Só que eu não consigo parar de jogar Rollerdrome.
Em vez de escrever, volto a entrar na competição da Barbican Arena, a última etapa da minha demo de seis níveis. O nível arranca num túnel comprido e claustrofóbico, banhado por luz vermelha. Tenho tudo o que preciso - patins e uma caçadeira - para dar o espectáculo da minha vida. À minha frente, ouvem-se ecos de um público a bater palmas ao mesmo ritmo, como um metrónomo sinistro que me puxa para lá da boca do recinto, presa por fechos de aço. Pagaram por um espectáculo, e eu vou entregá-lo.
Rollerdrome: um bloodsport corporativo num futuro distópico
Rollerdrome é um desporto de sangue financiado por uma megaempresa numa distopia de futuro próximo. Os desafiantes percorrem o mundo, competindo em arenas industriais para subir na hierarquia de um torneio televisivo - tudo para manter a população distraída de uma realidade sombria. Cada confronto segue uma receita simples, mas eficaz: cair dentro da arena, eliminar unidades de milícia ao serviço da corporação e patinar como se a vida dependesse disso. É como Tony Hawk’s Pro Skater, mas com armas. E resulta mesmo bem.

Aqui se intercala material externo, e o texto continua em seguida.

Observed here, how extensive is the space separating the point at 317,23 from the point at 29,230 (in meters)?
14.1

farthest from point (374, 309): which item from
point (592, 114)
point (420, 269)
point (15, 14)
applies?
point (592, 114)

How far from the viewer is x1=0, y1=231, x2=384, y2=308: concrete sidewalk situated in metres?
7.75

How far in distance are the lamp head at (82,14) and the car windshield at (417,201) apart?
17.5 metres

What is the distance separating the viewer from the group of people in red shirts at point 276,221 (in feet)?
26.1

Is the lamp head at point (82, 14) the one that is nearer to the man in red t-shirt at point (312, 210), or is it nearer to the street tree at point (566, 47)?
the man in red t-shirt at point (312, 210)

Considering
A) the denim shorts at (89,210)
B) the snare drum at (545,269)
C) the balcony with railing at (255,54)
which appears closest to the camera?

Combate, truques e sobrevivência dentro da arena
Lá dentro, tudo está desenhado para te matar. Atiradores furtivos, comandantes com lança-foguetes, guardas anti-motim e até mechas mantêm-te constantemente na mira. Um dos desafios do jogo é perceber quando atacar e quando evitar - algo que aprendi da forma difícil, depois de morrer algumas vezes.
Ficaste sem munições? Tens de executar truques de patinagem para gerar mais. Estás com pouca vida? Elimina inimigos para recuperar, ou foge depressa a deslizar por um corrimão próximo. Um ninho de atiradores está fora de alcance? Ganha altura numa half pipe ali ao lado para encurtar a distância.
Tempo-bala, armas e um fluxo hipnótico
Rollerdrome é rápido e cheio de espectáculo, mas raramente se torna impossível de controlar, graças à funcionalidade de tempo-bala. Ao entrares em tempo-bala - algo que podes activar quase a qualquer momento - o mundo abranda, dando-te margem para alinhar facilmente tiros cinematográficos.
Algumas armas têm mecânicas secundárias próprias que só entram em acção durante a câmara lenta. A caçadeira, em particular, conta com um tiro fatal de projéctil único que exige um toque adicional cronometrado, à semelhança de uma recarga activa, e é um prazer de usar. O tempo-bala também torna natural alternar entre câmara lenta e tempo real enquanto encadeias combos, criando um estado de fluxo hipnótico que eu não queria ver terminar.
“Kara Hassan: Vitória no Encontro”, anuncia um comentador sem rosto, depois de eu apagar o último dos meus adversários na arena.
Ainda é cedo para um veredicto final - só joguei uma pequena demo de um projecto maior -, mas Rollerdrome pode muito bem estar na corrida ao jogo com melhor sensação do ano. Vamos ter de esperar para confirmar quando sair a 16 de Agosto.